Restate the entries below word for word, leaving nothing out.
-*-*-
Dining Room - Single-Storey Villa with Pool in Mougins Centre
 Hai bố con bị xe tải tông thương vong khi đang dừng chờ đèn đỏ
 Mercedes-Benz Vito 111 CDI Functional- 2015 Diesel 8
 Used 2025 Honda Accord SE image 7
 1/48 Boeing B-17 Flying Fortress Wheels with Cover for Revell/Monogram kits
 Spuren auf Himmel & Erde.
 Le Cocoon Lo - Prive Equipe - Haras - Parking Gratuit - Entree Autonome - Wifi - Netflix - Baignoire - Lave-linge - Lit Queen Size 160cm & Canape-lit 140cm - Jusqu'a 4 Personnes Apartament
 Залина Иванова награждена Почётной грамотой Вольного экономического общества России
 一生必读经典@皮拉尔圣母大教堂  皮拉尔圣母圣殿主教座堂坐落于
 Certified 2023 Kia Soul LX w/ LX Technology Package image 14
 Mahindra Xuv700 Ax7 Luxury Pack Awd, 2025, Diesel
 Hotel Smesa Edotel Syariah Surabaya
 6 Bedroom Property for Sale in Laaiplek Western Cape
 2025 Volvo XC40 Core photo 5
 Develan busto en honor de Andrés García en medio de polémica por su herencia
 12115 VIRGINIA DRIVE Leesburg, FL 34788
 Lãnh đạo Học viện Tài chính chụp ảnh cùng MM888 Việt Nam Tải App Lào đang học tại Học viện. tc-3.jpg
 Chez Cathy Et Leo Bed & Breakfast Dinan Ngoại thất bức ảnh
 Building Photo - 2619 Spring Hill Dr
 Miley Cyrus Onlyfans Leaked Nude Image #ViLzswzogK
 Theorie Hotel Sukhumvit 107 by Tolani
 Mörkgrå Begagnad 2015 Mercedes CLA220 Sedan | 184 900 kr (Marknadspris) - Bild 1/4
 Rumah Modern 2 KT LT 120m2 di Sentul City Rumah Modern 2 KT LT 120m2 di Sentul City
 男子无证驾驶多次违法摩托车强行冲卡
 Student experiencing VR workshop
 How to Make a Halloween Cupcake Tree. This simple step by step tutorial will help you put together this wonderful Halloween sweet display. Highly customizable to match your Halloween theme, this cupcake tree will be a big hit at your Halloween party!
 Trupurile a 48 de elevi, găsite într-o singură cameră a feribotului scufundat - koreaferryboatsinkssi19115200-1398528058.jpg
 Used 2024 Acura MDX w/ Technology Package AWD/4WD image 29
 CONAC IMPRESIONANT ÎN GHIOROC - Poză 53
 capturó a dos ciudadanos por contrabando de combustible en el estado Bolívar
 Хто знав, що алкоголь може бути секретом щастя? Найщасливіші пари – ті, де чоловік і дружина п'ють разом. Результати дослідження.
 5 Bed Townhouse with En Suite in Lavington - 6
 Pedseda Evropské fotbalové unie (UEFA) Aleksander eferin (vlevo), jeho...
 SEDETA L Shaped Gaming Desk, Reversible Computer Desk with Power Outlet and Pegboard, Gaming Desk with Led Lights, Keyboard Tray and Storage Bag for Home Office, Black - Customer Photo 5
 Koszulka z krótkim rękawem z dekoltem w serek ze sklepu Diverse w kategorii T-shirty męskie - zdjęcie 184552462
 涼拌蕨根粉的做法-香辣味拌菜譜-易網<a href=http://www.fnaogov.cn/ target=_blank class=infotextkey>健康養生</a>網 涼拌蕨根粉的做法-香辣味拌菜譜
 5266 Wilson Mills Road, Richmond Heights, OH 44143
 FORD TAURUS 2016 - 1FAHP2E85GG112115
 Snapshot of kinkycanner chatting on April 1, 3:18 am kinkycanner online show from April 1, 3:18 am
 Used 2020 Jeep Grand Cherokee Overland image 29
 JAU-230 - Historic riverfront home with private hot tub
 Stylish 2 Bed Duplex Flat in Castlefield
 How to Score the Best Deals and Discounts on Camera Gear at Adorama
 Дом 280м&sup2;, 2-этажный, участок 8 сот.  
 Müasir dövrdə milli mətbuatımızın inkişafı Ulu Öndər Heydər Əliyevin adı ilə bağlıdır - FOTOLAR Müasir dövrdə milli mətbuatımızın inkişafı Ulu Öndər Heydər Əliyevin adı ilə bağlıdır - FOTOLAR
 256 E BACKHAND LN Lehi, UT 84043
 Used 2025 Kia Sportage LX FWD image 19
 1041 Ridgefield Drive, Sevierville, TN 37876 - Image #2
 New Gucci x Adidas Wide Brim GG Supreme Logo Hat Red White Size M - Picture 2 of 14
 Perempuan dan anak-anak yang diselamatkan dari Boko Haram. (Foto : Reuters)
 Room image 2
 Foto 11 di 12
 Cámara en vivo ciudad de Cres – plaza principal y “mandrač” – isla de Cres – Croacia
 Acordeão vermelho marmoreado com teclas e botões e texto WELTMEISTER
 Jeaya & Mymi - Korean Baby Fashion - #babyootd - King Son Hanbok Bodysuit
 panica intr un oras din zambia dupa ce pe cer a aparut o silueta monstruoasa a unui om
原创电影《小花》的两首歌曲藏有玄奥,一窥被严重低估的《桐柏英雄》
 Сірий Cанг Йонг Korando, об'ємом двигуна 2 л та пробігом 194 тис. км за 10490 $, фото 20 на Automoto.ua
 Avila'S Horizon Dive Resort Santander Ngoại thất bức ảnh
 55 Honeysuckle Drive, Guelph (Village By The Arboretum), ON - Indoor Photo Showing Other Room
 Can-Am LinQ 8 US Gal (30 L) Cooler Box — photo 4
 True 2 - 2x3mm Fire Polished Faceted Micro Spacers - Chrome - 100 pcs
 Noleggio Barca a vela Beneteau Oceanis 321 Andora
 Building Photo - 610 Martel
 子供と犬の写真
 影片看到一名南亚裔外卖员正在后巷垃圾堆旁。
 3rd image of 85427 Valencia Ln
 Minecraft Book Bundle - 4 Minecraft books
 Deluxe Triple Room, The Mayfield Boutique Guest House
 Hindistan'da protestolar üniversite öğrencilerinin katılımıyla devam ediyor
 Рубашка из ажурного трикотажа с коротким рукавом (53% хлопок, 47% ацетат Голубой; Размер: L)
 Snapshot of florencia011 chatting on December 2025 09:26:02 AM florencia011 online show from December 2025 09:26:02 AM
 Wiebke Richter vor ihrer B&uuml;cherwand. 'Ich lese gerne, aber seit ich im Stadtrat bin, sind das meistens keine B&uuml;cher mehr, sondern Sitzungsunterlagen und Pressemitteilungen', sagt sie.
-*-*-
▸ **ANSWER TO THE PROBLEM**
Dining Room - Single-Storey Villa with Pool in Mougins Centre
 Hai bố con bị xe tải tông thương vong khi đang dừng chờ đèn đỏ
 Mercedes-Benz Vito 111 CDI Functional- 2015 Diesel 8
 Used 2025 Honda Accord SE image 7
 1/48 Boeing B-17 Flying Fortress Wheels with Cover for Revell/Monogram kits
 Spuren auf Himmel & Erde.
 Le Cocoon Lo - Prive Equipe - Haras - Parking Gratuit - Entree Autonome - Wifi - Netflix - Baignoire - Lave-linge - Lit Queen Size 160cm & Canape-lit 140cm - Jusqu'a 4 Personnes Apartament
 Залина Иванова награждена Почётной грамотой Вольного экономического общества России
 一生必读经典@皮拉尔圣母大教堂  皮拉尔圣母圣殿主教座堂坐落于
 Certified 2023 Kia Soul LX w/ LX Technology Package image 14
 Mahindra Xuv700 Ax7 Luxury Pack Awd, 2025, Diesel
 Hotel Smesa Edotel Syariah Surabaya
 6 Bedroom Property for Sale in Laaiplek Western Cape
 2025 Volvo XC40 Core photo 5
 Develan busto en honor de Andrés García en medio de polémica por su herencia
 12115 VIRGINIA DRIVE Leesburg, FL 34788
 Lãnh đạo Học viện Tài chính chụp ảnh cùng MM888 Việt Nam Tải App Lào đang học tại Học viện. tc-3.jpg
 Chez Cathy Et Leo Bed & Breakfast Dinan Ngoại thất bức ảnh
 Building Photo - 2619 Spring Hill Dr
 Miley Cyrus Onlyfans Leaked Nude Image #ViLzswzogK
 Theorie Hotel Sukhumvit 107 by Tolani
 Mörkgrå Begagnad 2015 Mercedes CLA220 Sedan | 184 900 kr (Marknadspris) - Bild 1/4
 Rumah Modern 2 KT LT 120m2 di Sentul City Rumah Modern 2 KT LT 120m2 di Sentul City
 男子无证驾驶多次违法摩托车强行冲卡
 Student experiencing VR workshop
 How to Make a Halloween Cupcake Tree. This simple step by step tutorial will help you put together this wonderful Halloween sweet display. Highly customizable to match your Halloween theme, this cupcake tree will be a big hit at your Halloween party!
 Trupurile a 48 de elevi, găsite într-o singură cameră a feribotului scufundat - koreaferryboatsinkssi19115200-1398528058.jpg
 Used 2024 Acura MDX w/ Technology Package AWD/4WD image 29
 CONAC IMPRESIONANT ÎN GHIOROC - Poză 53
 capturó a dos ciudadanos por contrabando de combustible en el estado Bolívar
 Хто знав, що алкоголь може бути секретом щастя? Найщасливіші пари – ті, де чоловік і дружина п'ють разом. Результати дослідження.
 5 Bed Townhouse with En Suite in Lavington - 6
 Pedseda Evropské fotbalové unie (UEFA) Aleksander eferin (vlevo), jeho...
 SEDETA L Shaped Gaming Desk, Reversible Computer Desk with Power Outlet and Pegboard, Gaming Desk with Led Lights, Keyboard Tray and Storage Bag for Home Office, Black - Customer Photo 5
 Koszulka z krótkim rękawem z dekoltem w serek ze sklepu Diverse w kategorii T-shirty męskie - zdjęcie 184552462
 涼拌蕨根粉的做法-香辣味拌菜譜-易網<a href=http://www.fnaogov.cn/ target=_blank class=infotextkey>健康養生</a>網 涼拌蕨根粉的做法-香辣味拌菜譜
 5266 Wilson Mills Road, Richmond Heights, OH 44143
 FORD TAURUS 2016 - 1FAHP2E85GG112115
 Snapshot of kinkycanner chatting on April 1, 3:18 am kinkycanner online show from April 1, 3:18 am
 Used 2020 Jeep Grand Cherokee Overland image 29
 JAU-230 - Historic riverfront home with private hot tub
 Stylish 2 Bed Duplex Flat in Castlefield
 How to Score the Best Deals and Discounts on Camera Gear at Adorama
 Дом 280м&sup2;, 2-этажный, участок 8 сот.  
 Müasir dövrdə milli mətbuatımızın inkişafı Ulu Öndər Heydər Əliyevin adı ilə bağlıdır - FOTOLAR Müasir dövrdə milli mətbuatımızın inkişafı Ulu Öndər Heydər Əliyevin adı ilə bağlıdır - FOTOLAR
 256 E BACKHAND LN Lehi, UT 84043
 Used 2025 Kia Sportage LX FWD image 19
 1041 Ridgefield Drive, Sevierville, TN 37876 - Image #2
 New Gucci x Adidas Wide Brim GG Supreme Logo Hat Red White Size M - Picture 2 of 14
 Perempuan dan anak-anak yang diselamatkan dari Boko Haram. (Foto : Reuters)
 Room image 2
 Foto 11 di 12
 Cámara en vivo ciudad de Cres – plaza principal y “mandrač” – isla de Cres – Croacia
 Acordeão vermelho marmoreado com teclas e botões e texto WELTMEISTER
 Jeaya & Mymi - Korean Baby Fashion - #babyootd - King Son Hanbok Bodysuit
 panica intr un oras din zambia dupa ce pe cer a aparut o silueta monstruoasa a unui om
原创电影《小花》的两首歌曲藏有玄奥,一窥被严重低估的《桐柏英雄》
 Сірий Cанг Йонг Korando, об'ємом двигуна 2 л та пробігом 194 тис. км за 10490 $, фото 20 на Automoto.ua
 Avila'S Horizon Dive Resort Santander Ngoại thất bức ảnh
 55 Honeysuckle Drive, Guelph (Village By The Arboretum), ON - Indoor Photo Showing Other Room
 Can-Am LinQ 8 US Gal (30 L) Cooler Box — photo 4
 True 2 - 2x3mm Fire Polished Faceted Micro Spacers - Chrome - 100 pcs
 Noleggio Barca a vela Beneteau Oceanis 321 Andora
 Building Photo - 610 Martel
 子供と犬の写真
 影片看到一名南亚裔外卖员正在后巷垃圾堆旁。
 3rd image of 85427 Valencia Ln
 Minecraft Book Bundle - 4 Minecraft books
 Deluxe Triple Room, The Mayfield Boutique Guest House
 Hindistan'da protestolar üniversite öğrencilerinin katılımıyla devam ediyor
 Рубашка из ажурного трикотажа с коротким рукавом (53% хлопок, 47% ацетат Голубой; Размер: L)
 Snapshot of florencia011 chatting on December 2025 09:26:02 AM florencia011 online show from December 2025 09:26:02 AM
 Wiebke Richter vor ihrer B&uuml;cherwand. 'Ich lese gerne, aber seit ich im Stadtrat bin, sind das meistens keine B&uuml;cher mehr, sondern Sitzungsunterlagen und Pressemitteilungen', sagt sie.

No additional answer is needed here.